### Brief
Exact copies of all the entries are required, and no pictures should appear in them.

_ _ _

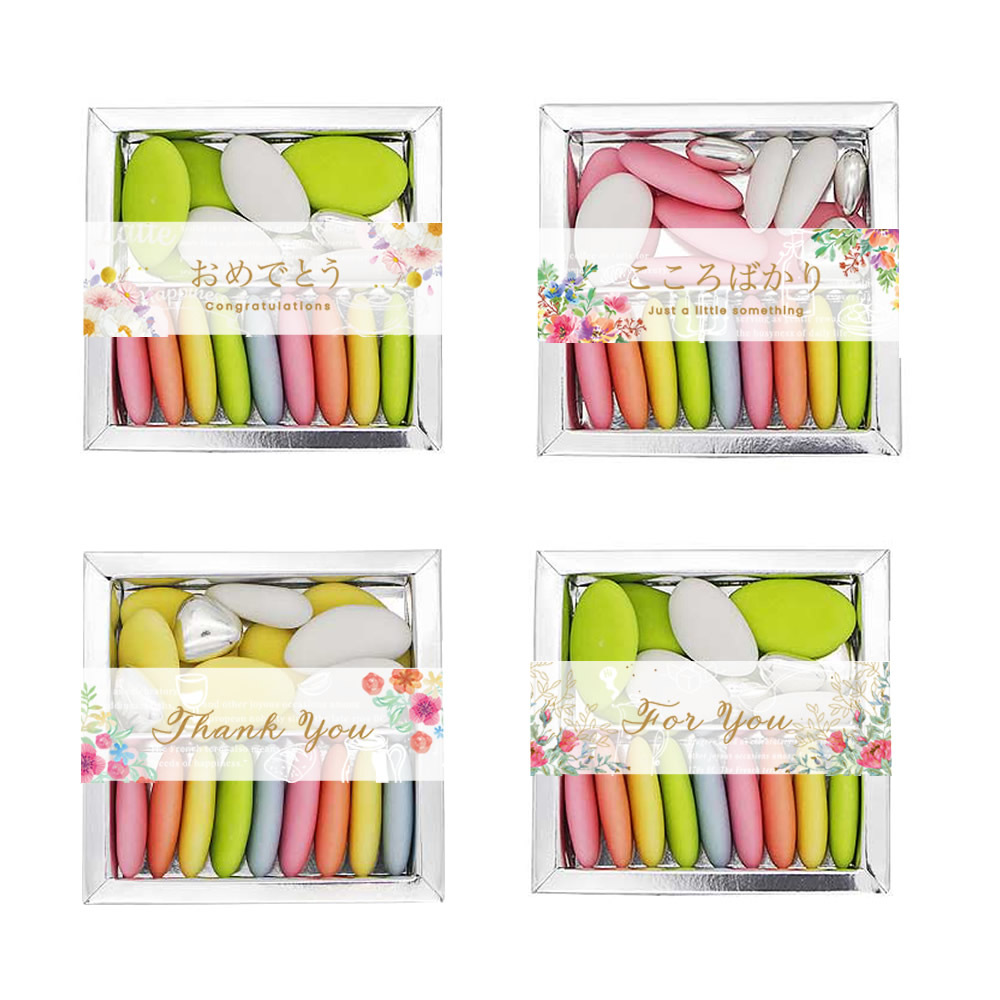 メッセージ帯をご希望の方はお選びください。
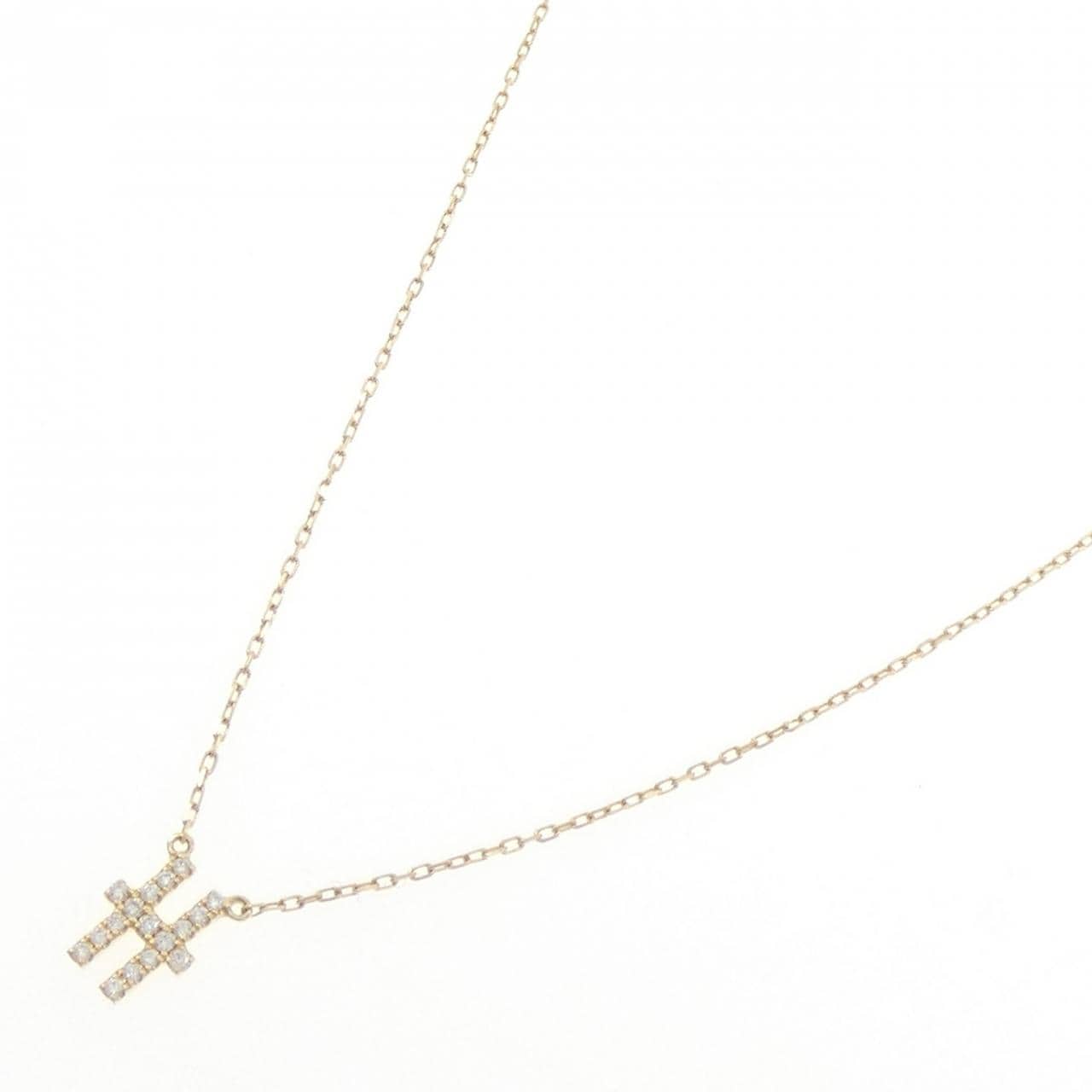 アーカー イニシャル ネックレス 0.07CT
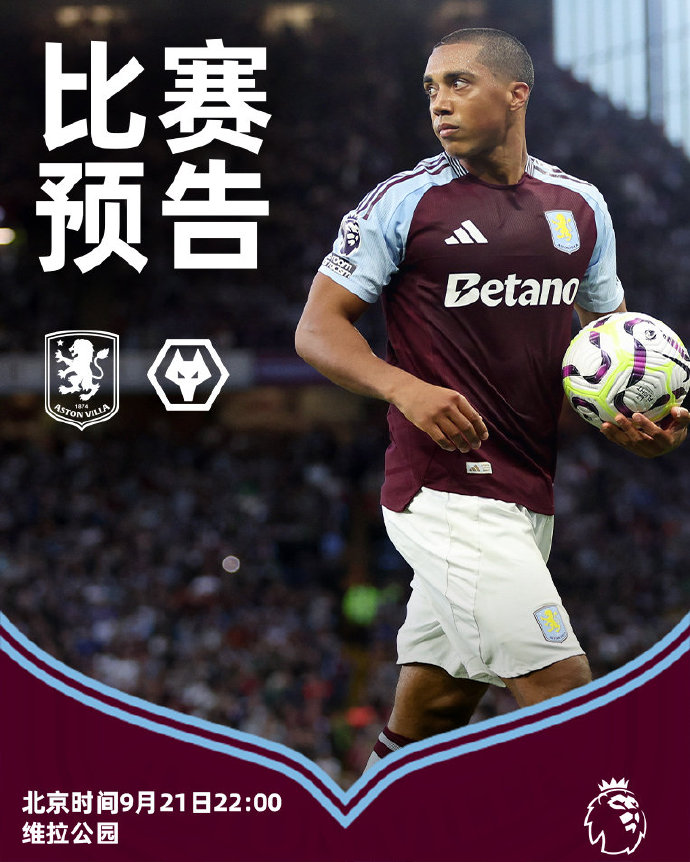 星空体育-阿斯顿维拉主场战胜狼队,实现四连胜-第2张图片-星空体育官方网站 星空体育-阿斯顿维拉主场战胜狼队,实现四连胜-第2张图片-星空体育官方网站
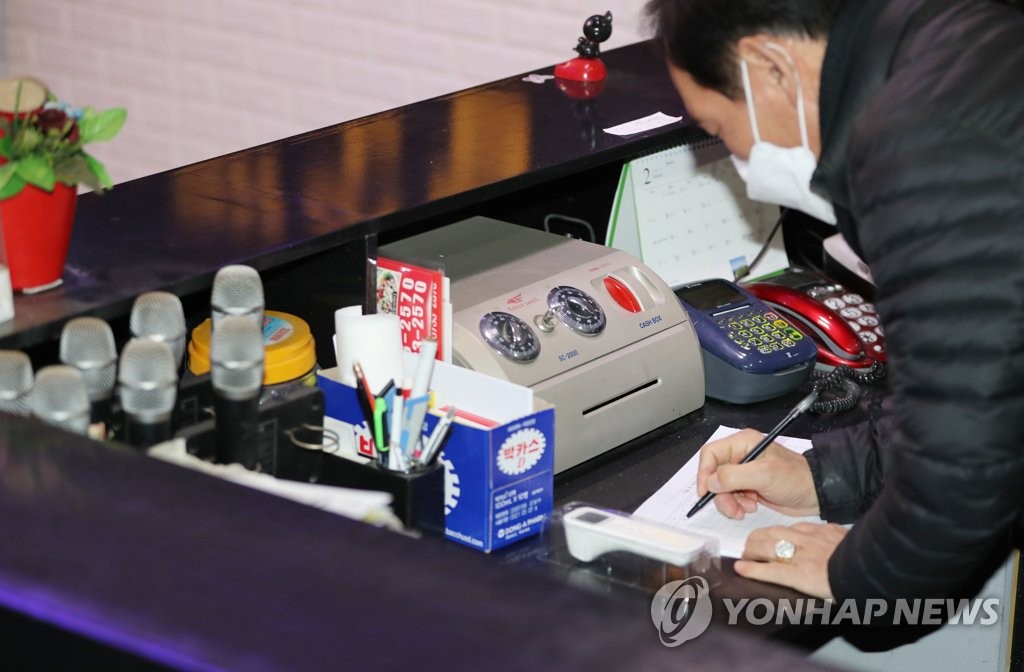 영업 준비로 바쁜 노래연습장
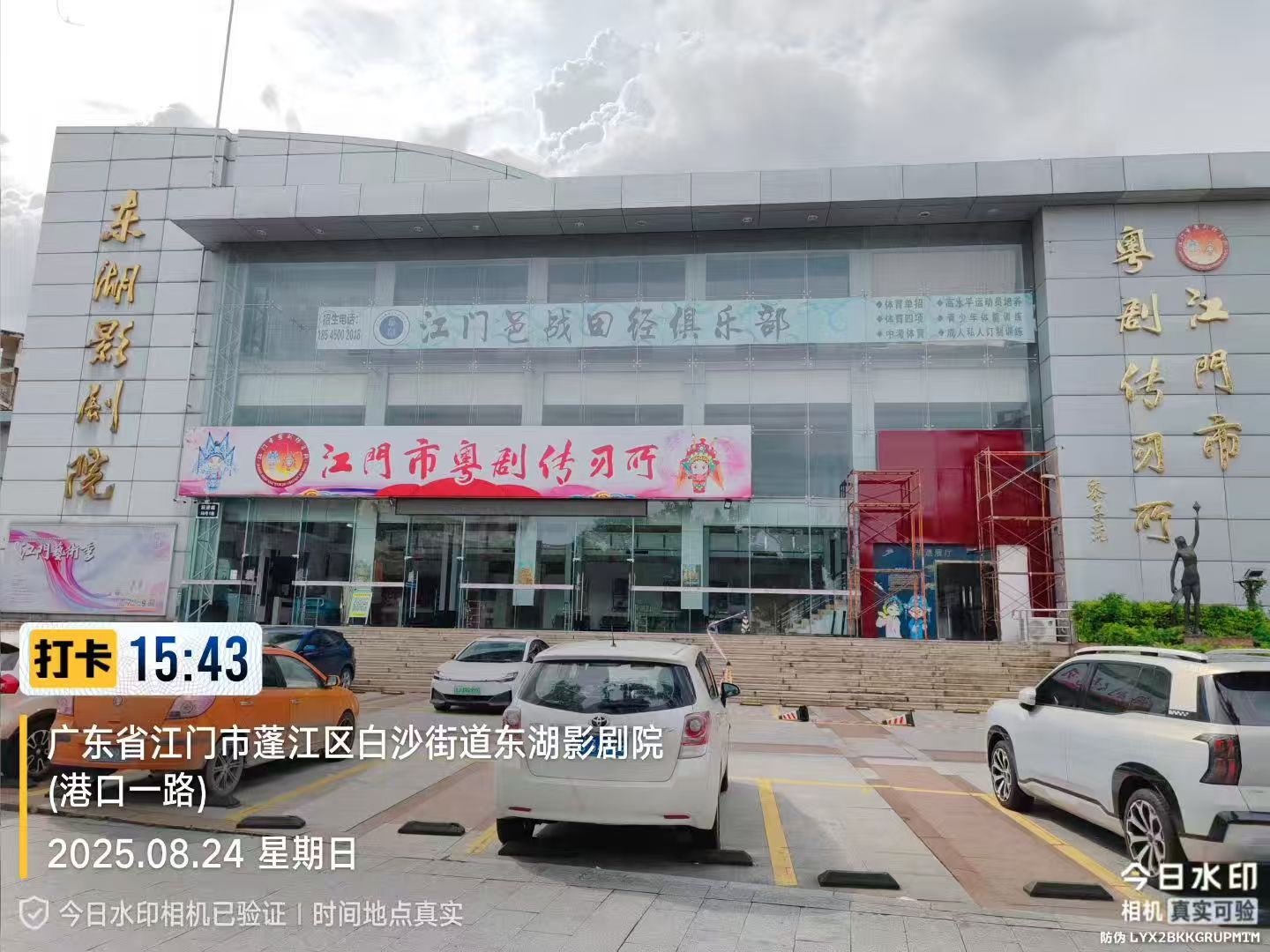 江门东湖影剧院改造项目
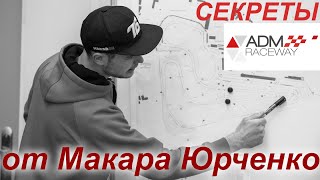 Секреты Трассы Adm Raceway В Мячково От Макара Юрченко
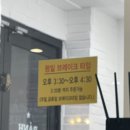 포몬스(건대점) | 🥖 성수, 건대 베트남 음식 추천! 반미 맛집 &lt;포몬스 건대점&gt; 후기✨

_ _ _

### Response below
 メッセージ帯をご希望の方はお選びください。
 アーカー イニシャル ネックレス 0.07CT
 星空体育-阿斯顿维拉主场战胜狼队,实现四连胜-第2张图片-星空体育官方网站 星空体育-阿斯顿维拉主场战胜狼队,实现四连胜-第2张图片-星空体育官方网站
 영업 준비로 바쁜 노래연습장
 江门东湖影剧院改造项目
 Секреты Трассы Adm Raceway В Мячково От Макара Юрченко
 포몬스(건대점) | 🥖 성수, 건대 베트남 음식 추천! 반미 맛집 &lt;포몬스 건대점&gt; 후기✨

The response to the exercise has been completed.